A bus error occurs in sm OSC under the following conditions.

  • sparc64 or any other architectures which need strict alignment.
  • MPI_WIN_POST or MPI_WIN_START is called for a window created
    by sm OSC.
  • The communicator size is odd and greater than 3.

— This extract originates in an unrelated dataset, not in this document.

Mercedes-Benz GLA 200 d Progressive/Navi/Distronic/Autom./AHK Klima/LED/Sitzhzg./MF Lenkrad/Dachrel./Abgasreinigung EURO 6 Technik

The lines 283-285 in current ompi/mca/osc/sm/osc_sm_component.c has
the following code.

module->global_state = (ompi_osc_sm_global_state_t *) (module->segment_base);
module->node_states = (ompi_osc_sm_node_state_t *) (module->global_state + 1);
module->posts[0] = (uint64_t *) (module->node_states + comm_size);

The size of ompi_osc_sm_node_state_t is multiples of 4 but not
multiples of 8. So if comm_size is odd, module->posts[0] does
not aligned to 8. This causes a bus error when accessing
module->posts[i][j].

This patch fixes the alignment of module->posts[0] by setting
module->posts[0] first.

(cherry picked from open-mpi/ompi@ad26899)

Signed-off-by: Nathan Hjelm hjelmn@lanl.gov

A bus error occurs in sm OSC under the following conditions.

- sparc64 or any other architectures which need strict alignment.
- `MPI_WIN_POST` or `MPI_WIN_START` is called for a window created
  by sm OSC.
- The communicator size is odd and greater than 3.

The lines 283-285 in current `ompi/mca/osc/sm/osc_sm_component.c` has
the following code.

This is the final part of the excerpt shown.